### Records for this exercise

____

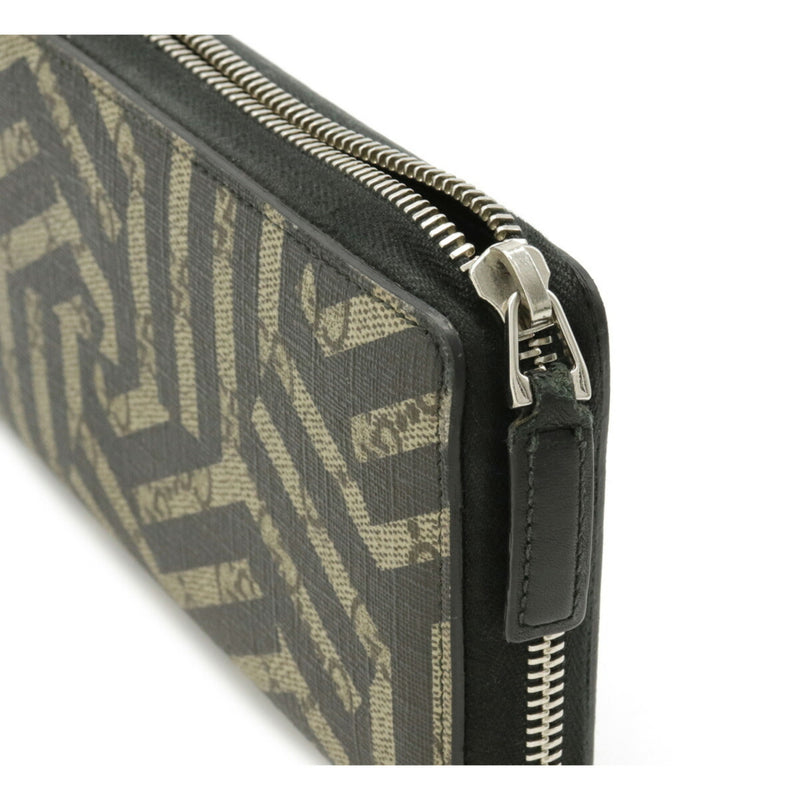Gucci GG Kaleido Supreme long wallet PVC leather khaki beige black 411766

____

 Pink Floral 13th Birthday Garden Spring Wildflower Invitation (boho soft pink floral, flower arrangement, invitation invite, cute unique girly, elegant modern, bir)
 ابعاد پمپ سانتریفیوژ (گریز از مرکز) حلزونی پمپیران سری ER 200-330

____

### Problem to solve
Could you retype exactly the lines above, starting at the line that contains "Pink Floral 13th" and ending at the line that contains "ابعاد پمپ سانتریفیوژ", and nothing more?

### Your response
 Pink Floral 13th Birthday Garden Spring Wildflower Invitation (boho soft pink floral, flower arrangement, invitation invite, cute unique girly, elegant modern, bir)
 ابعاد پمپ سانتریفیوژ (گریز از مرکز) حلزونی پمپیران سری ER 200-330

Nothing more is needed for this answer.